Short descriptive text snippets:
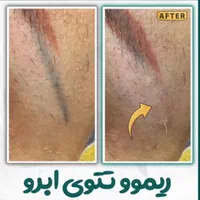 پاک کردن تتو ابرو و ریموو خالکوبی بدن توسط پزشک|خدمات آرایشگری و زیبایی|رشت, گلسار|دیوار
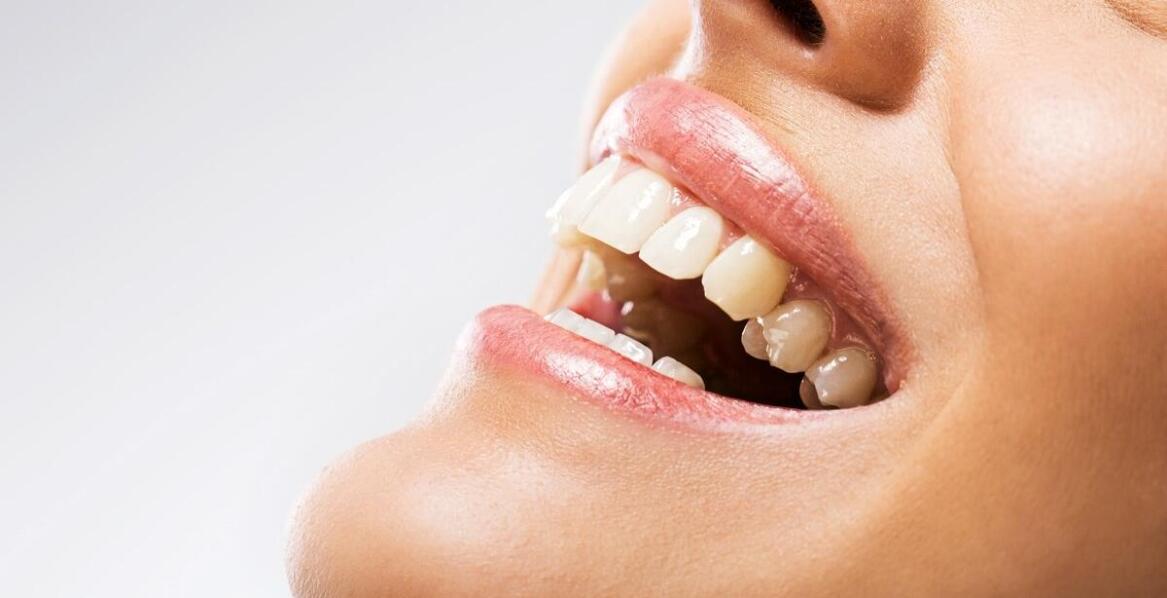 Co to jest ortodoncja lingwalna i jakie ma zalety?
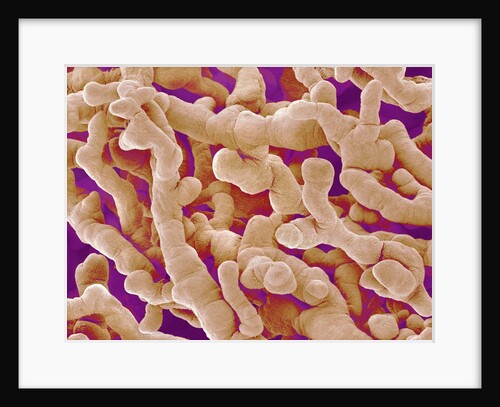 Human Placenta by Anonymous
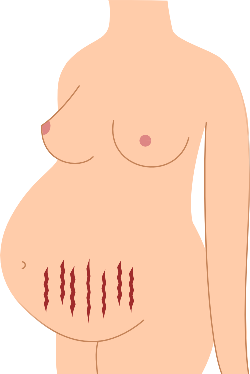 妊娠線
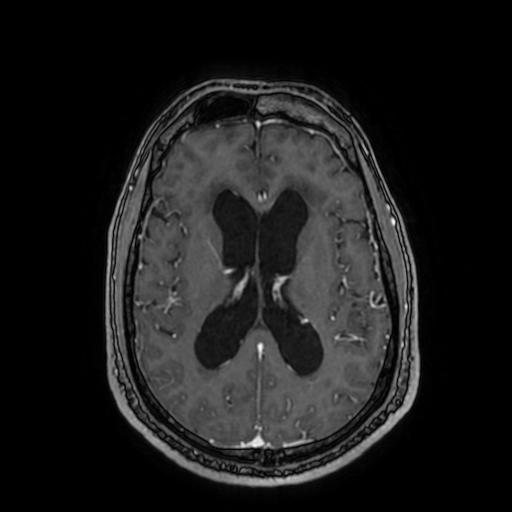 Cerebellar hemangioblastoma (Radiopaedia 88055-104622 Axial T1 C+ 105).jpg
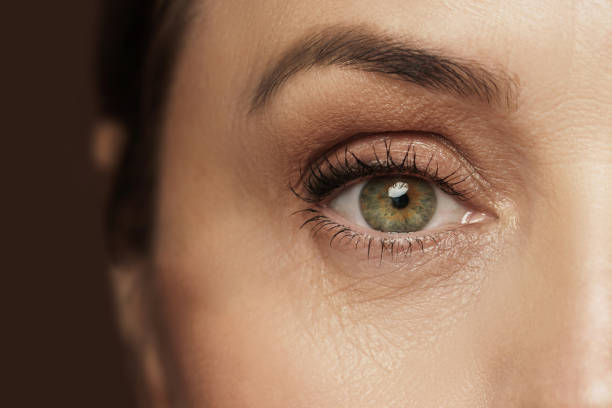 Is Eye Bag Removal Right for Aging Under-Eyes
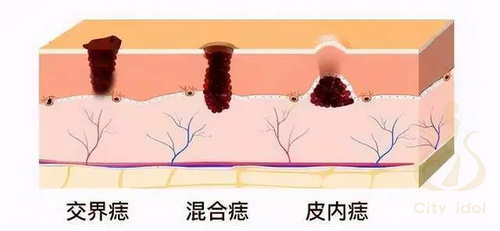 1. 電波刀除痣 < 除黑痣 > 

Task statement – Exactly as they appear above, give the records again, without their pictures.

Output –
 پاک کردن تتو ابرو و ریموو خالکوبی بدن توسط پزشک|خدمات آرایشگری و زیبایی|رشت, گلسار|دیوار
 Co to jest ortodoncja lingwalna i jakie ma zalety?
 Human Placenta by Anonymous
 妊娠線
 Cerebellar hemangioblastoma (Radiopaedia 88055-104622 Axial T1 C+ 105).jpg
 Is Eye Bag Removal Right for Aging Under-Eyes
 1. 電波刀除痣 < 除黑痣 > 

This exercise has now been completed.